● **DATASET EXCERPTS**
# # # # #

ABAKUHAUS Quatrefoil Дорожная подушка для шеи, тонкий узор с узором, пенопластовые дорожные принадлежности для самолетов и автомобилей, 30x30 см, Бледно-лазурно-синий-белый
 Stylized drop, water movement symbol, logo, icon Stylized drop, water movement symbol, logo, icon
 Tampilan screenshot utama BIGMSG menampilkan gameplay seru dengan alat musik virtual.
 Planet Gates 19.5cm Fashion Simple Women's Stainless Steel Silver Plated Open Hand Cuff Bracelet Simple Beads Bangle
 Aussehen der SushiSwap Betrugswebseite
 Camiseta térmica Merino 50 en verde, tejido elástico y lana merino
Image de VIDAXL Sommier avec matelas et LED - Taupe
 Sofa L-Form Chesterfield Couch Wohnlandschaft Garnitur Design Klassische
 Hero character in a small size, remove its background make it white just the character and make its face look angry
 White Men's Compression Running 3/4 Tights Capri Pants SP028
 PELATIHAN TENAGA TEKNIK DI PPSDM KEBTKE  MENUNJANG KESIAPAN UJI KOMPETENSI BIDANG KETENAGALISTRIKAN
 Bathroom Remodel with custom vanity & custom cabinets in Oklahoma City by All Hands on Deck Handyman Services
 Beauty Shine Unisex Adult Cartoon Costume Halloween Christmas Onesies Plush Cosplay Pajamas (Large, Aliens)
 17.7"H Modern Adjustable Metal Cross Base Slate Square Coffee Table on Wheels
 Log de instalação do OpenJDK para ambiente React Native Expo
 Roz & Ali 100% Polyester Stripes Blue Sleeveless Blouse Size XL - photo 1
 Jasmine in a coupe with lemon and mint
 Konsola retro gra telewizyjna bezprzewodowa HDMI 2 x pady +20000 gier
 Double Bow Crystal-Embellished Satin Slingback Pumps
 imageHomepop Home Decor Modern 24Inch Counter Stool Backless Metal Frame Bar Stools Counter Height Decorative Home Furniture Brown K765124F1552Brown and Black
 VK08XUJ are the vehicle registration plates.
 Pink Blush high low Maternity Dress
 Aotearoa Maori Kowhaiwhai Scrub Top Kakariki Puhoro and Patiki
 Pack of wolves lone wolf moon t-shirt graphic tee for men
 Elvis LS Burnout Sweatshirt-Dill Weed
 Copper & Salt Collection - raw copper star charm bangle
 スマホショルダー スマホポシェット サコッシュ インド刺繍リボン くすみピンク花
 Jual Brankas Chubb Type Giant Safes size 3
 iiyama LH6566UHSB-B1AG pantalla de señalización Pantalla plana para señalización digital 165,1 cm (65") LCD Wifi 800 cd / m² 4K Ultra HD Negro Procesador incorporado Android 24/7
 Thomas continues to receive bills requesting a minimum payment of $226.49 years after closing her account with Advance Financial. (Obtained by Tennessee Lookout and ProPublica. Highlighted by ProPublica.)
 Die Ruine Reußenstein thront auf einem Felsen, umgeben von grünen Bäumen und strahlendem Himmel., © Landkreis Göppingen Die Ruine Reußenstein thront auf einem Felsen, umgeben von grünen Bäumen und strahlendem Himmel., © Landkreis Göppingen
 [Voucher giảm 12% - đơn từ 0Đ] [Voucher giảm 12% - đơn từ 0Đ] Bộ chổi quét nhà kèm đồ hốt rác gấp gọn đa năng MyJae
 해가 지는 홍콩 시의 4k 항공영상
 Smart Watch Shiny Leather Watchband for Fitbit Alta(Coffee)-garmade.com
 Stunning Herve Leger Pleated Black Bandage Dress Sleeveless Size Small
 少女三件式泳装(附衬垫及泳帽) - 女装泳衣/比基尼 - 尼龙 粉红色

# # # # #

● **WORK TASK**
Return exactly, and only, the lines from the start of the listing through the line with "Elvis LS Burnout Sweatshirt-Dill Weed".

● **ANSWER SPACE**
ABAKUHAUS Quatrefoil Дорожная подушка для шеи, тонкий узор с узором, пенопластовые дорожные принадлежности для самолетов и автомобилей, 30x30 см, Бледно-лазурно-синий-белый
 Stylized drop, water movement symbol, logo, icon Stylized drop, water movement symbol, logo, icon
 Tampilan screenshot utama BIGMSG menampilkan gameplay seru dengan alat musik virtual.
 Planet Gates 19.5cm Fashion Simple Women's Stainless Steel Silver Plated Open Hand Cuff Bracelet Simple Beads Bangle
 Aussehen der SushiSwap Betrugswebseite
 Camiseta térmica Merino 50 en verde, tejido elástico y lana merino
Image de VIDAXL Sommier avec matelas et LED - Taupe
 Sofa L-Form Chesterfield Couch Wohnlandschaft Garnitur Design Klassische
 Hero character in a small size, remove its background make it white just the character and make its face look angry
 White Men's Compression Running 3/4 Tights Capri Pants SP028
 PELATIHAN TENAGA TEKNIK DI PPSDM KEBTKE  MENUNJANG KESIAPAN UJI KOMPETENSI BIDANG KETENAGALISTRIKAN
 Bathroom Remodel with custom vanity & custom cabinets in Oklahoma City by All Hands on Deck Handyman Services
 Beauty Shine Unisex Adult Cartoon Costume Halloween Christmas Onesies Plush Cosplay Pajamas (Large, Aliens)
 17.7"H Modern Adjustable Metal Cross Base Slate Square Coffee Table on Wheels
 Log de instalação do OpenJDK para ambiente React Native Expo
 Roz & Ali 100% Polyester Stripes Blue Sleeveless Blouse Size XL - photo 1
 Jasmine in a coupe with lemon and mint
 Konsola retro gra telewizyjna bezprzewodowa HDMI 2 x pady +20000 gier
 Double Bow Crystal-Embellished Satin Slingback Pumps
 imageHomepop Home Decor Modern 24Inch Counter Stool Backless Metal Frame Bar Stools Counter Height Decorative Home Furniture Brown K765124F1552Brown and Black
 VK08XUJ are the vehicle registration plates.
 Pink Blush high low Maternity Dress
 Aotearoa Maori Kowhaiwhai Scrub Top Kakariki Puhoro and Patiki
 Pack of wolves lone wolf moon t-shirt graphic tee for men
 Elvis LS Burnout Sweatshirt-Dill Weed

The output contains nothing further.